• Description of the task:
Set out the records below again exactly; skip the images.
--*--
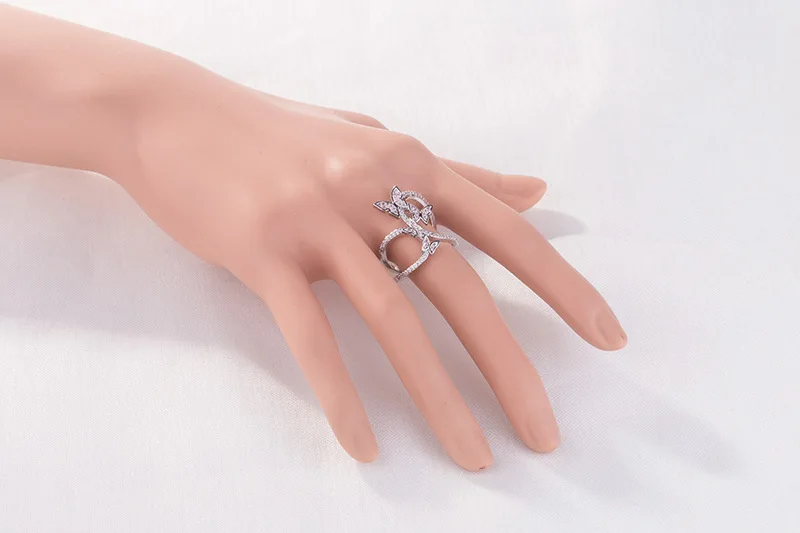 SuePhil Новинка женские кольца лампа-бабочка розовое кристалльное цирконовое кольцо с крыльями для женщин модные ювелирные кольца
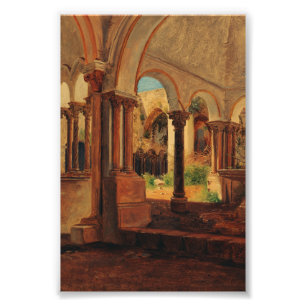 Deserted monastery yard photo print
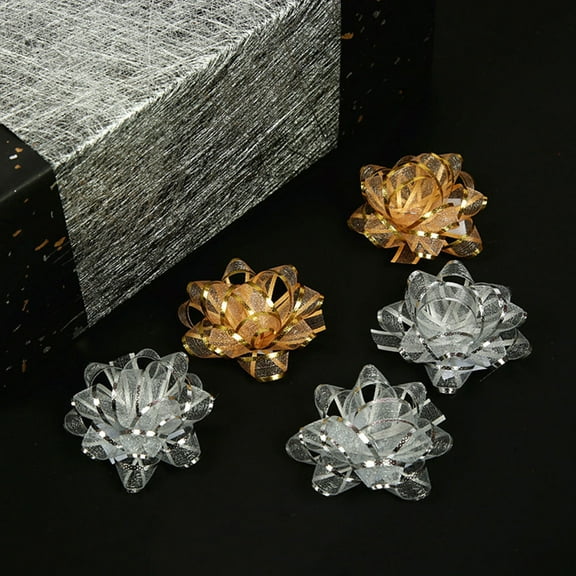 OFFIGAM Bow Decorations Gift Wrapping Bows Golden 5pcs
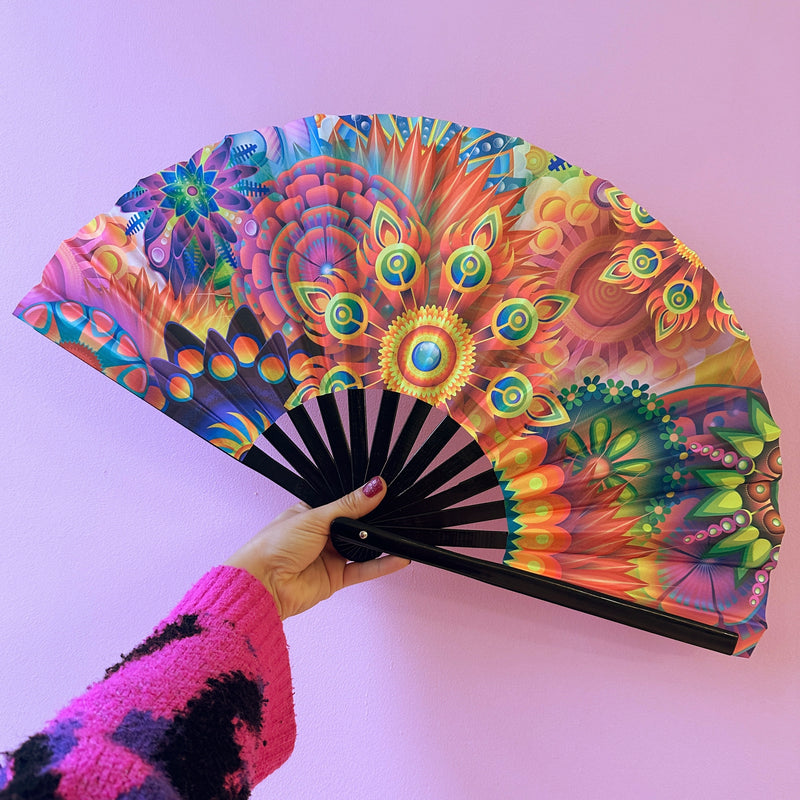 Giant Clacking Hand Fan with Abstract Trippy print (Glows in UV!)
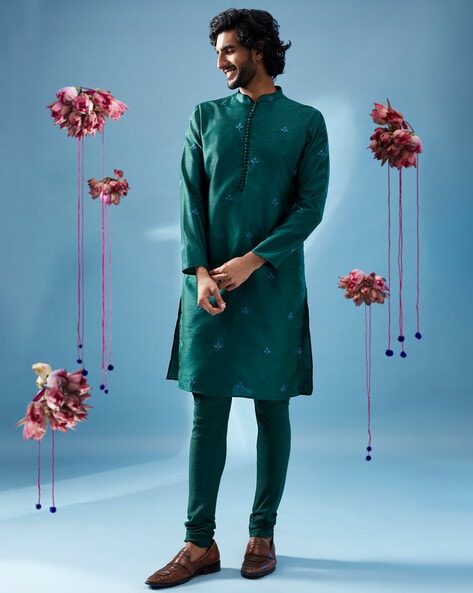 Buy Green 2 Piece Ethnic Suit for Men by KISAH Online Ajio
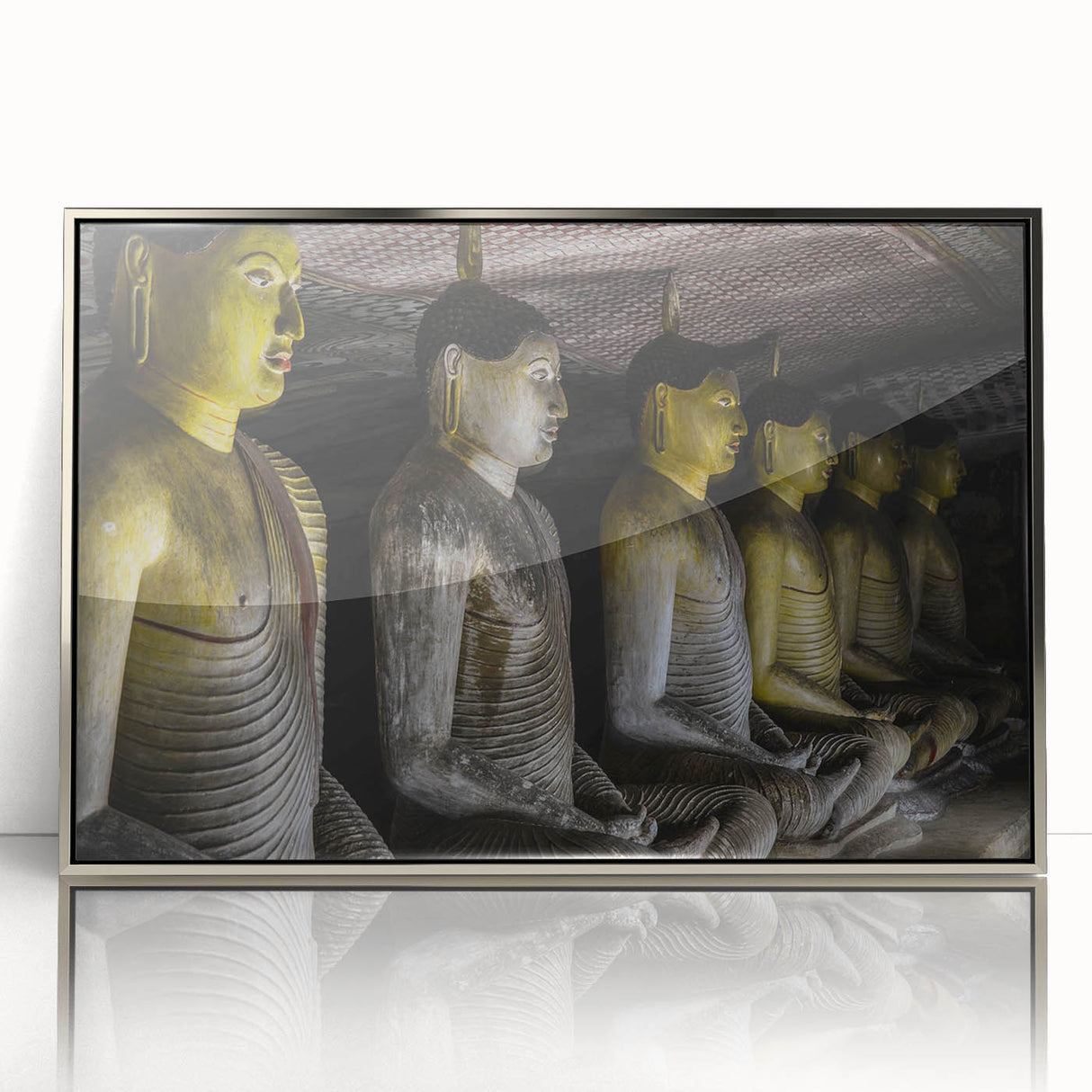Mid-century modernist art depicting a serene Sri Lankan landscape in muted earth tones, framed in silver acrylic.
--*--
• Response to this task:
 SuePhil Новинка женские кольца лампа-бабочка розовое кристалльное цирконовое кольцо с крыльями для женщин модные ювелирные кольца
 Deserted monastery yard photo print
 OFFIGAM Bow Decorations Gift Wrapping Bows Golden 5pcs
 Giant Clacking Hand Fan with Abstract Trippy print (Glows in UV!)
 Buy Green 2 Piece Ethnic Suit for Men by KISAH Online Ajio
Mid-century modernist art depicting a serene Sri Lankan landscape in muted earth tones, framed in silver acrylic.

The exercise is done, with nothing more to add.